HOW TO COMPLETE THIS TASK =
Among the entries below, only the lines from the one with "Zebraspoor 716 - Photo 3" through the one with "Nhu cầu nước" are to be retyped, exactly and without pictures.

*** MATERIAL TO PROCESS Section Begins ***

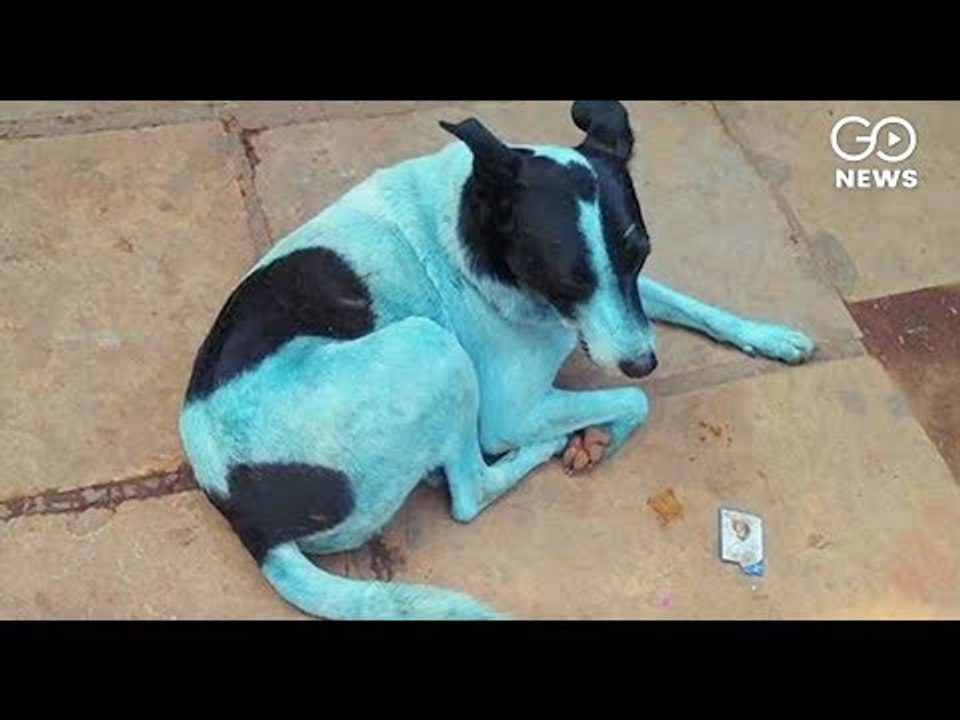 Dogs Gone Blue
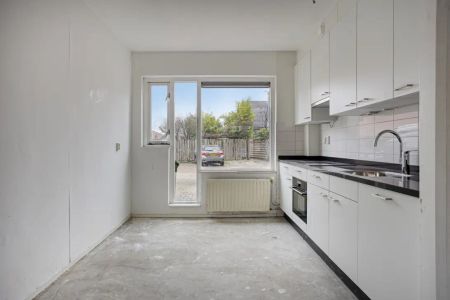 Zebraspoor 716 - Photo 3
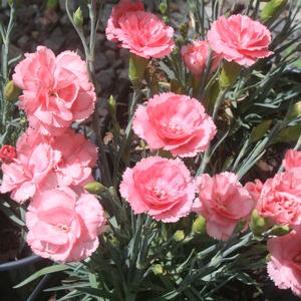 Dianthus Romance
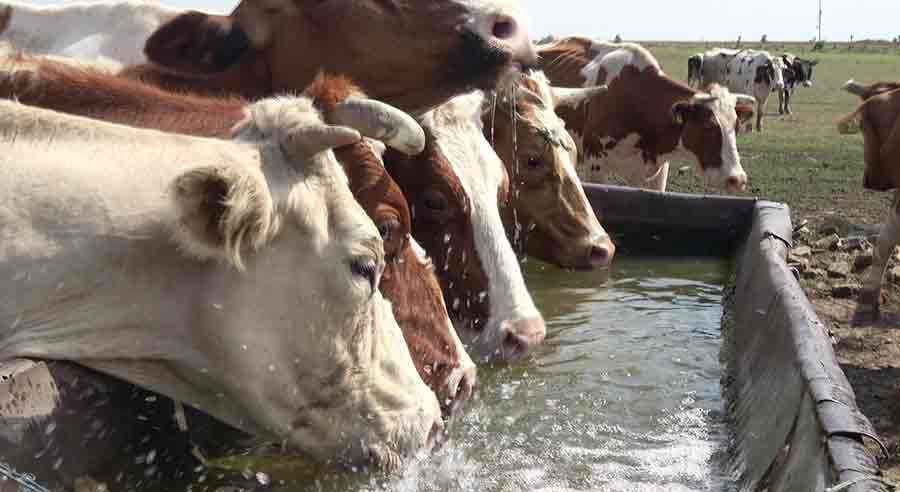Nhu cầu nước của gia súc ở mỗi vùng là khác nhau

*** MATERIAL TO PROCESS Section Ends ***
*** MATERIAL TO PROCESS Section Begins ***

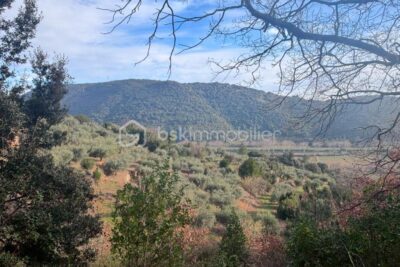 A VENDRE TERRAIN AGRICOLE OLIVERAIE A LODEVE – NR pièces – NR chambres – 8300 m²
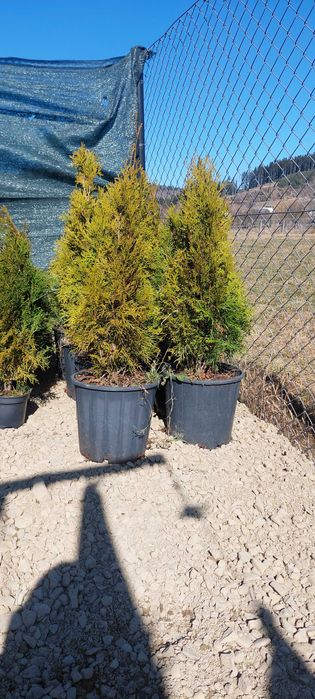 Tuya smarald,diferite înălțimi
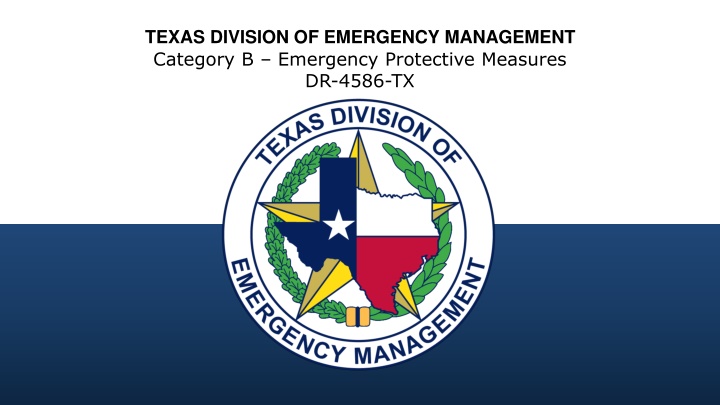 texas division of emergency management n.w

*** MATERIAL TO PROCESS Section Ends ***

EXERCISE SOLUTION =
 Zebraspoor 716 - Photo 3
 Dianthus Romance
Nhu cầu nước của gia súc ở mỗi vùng là khác nhau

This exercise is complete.